(Stored data)
○ ○ ○ ○ ○

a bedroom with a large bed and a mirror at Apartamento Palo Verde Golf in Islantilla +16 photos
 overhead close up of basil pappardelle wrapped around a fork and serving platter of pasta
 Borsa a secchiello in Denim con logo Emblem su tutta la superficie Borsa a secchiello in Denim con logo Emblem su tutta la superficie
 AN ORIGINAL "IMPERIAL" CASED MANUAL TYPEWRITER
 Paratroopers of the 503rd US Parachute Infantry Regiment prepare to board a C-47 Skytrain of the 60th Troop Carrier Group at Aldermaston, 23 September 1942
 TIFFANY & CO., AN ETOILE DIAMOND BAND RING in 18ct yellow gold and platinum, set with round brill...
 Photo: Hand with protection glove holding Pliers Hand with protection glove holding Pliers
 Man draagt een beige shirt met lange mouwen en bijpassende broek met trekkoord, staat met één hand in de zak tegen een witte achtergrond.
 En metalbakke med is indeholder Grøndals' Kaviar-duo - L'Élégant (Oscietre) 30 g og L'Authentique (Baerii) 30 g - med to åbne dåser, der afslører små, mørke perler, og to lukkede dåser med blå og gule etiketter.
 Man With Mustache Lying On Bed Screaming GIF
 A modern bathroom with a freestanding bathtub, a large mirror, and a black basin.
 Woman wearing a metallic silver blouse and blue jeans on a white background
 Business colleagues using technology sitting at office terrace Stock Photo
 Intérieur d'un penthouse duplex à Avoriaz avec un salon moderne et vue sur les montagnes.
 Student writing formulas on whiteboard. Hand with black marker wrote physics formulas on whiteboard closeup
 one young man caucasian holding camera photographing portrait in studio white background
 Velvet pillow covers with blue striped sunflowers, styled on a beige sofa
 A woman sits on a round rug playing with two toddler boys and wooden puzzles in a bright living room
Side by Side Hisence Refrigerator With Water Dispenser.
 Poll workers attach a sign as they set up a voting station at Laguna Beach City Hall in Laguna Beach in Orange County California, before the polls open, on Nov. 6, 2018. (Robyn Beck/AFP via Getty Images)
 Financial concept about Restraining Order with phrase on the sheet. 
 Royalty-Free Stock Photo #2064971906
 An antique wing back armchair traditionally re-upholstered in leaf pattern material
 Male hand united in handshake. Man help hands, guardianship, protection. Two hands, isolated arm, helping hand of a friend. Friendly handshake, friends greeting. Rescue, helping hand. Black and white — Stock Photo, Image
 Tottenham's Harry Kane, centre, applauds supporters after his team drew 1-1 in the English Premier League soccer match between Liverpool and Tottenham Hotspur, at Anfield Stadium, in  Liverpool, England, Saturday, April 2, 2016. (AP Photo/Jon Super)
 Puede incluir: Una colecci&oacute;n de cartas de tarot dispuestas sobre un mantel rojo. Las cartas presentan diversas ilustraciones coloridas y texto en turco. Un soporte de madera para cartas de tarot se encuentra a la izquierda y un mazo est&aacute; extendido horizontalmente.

○ ○ ○ ○ ○

### WORK REQUEST
Among the lines of the data, some contain the word "mirror". How many are there? Reply with the number alone.

### TASK RESULT
2